INSTRUCTIONS FOR THE TASK – An exact copy of the data is required, with no pictures in it.

DATA BELOW –
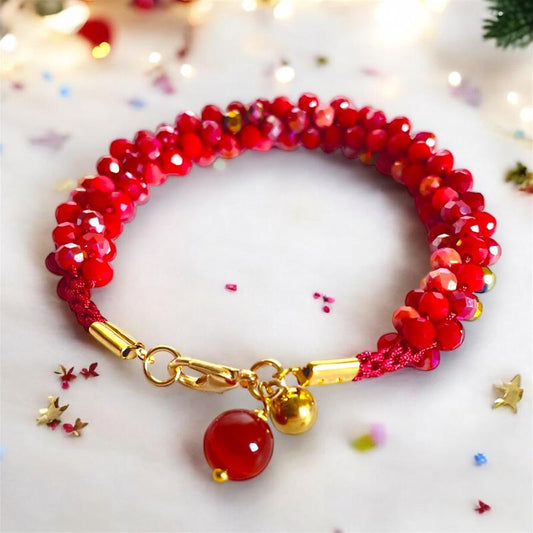 Bracelet kumihimo artisanal rouge - bijoux cielo craft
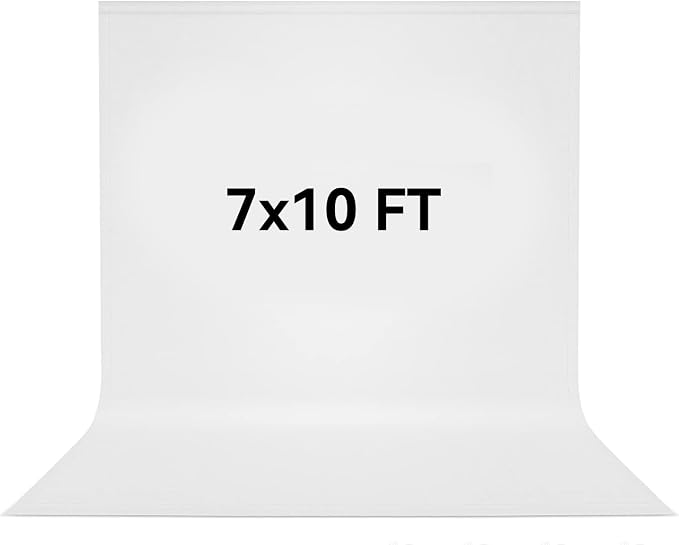 7x10 FT White Photo Backdrop 100% Polyester Photography Background | Non-Reflective, Wrinkle-Resistant, Foldable Washable White Backdrop for Professional Photoshoot Portraits Party Video Studio by Vevelux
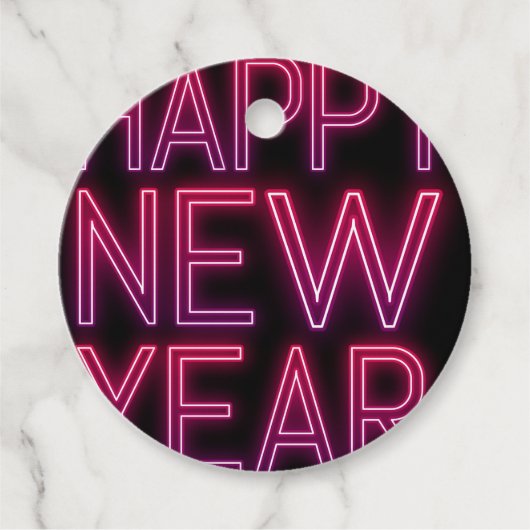 Zoomen in Paarse verloop nieuwjaar Bedankjes Labels (Voorkant)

RESULT BELOW –
 Bracelet kumihimo artisanal rouge - bijoux cielo craft
 7x10 FT White Photo Backdrop 100% Polyester Photography Background | Non-Reflective, Wrinkle-Resistant, Foldable Washable White Backdrop for Professional Photoshoot Portraits Party Video Studio by Vevelux
 Zoomen in Paarse verloop nieuwjaar Bedankjes Labels (Voorkant)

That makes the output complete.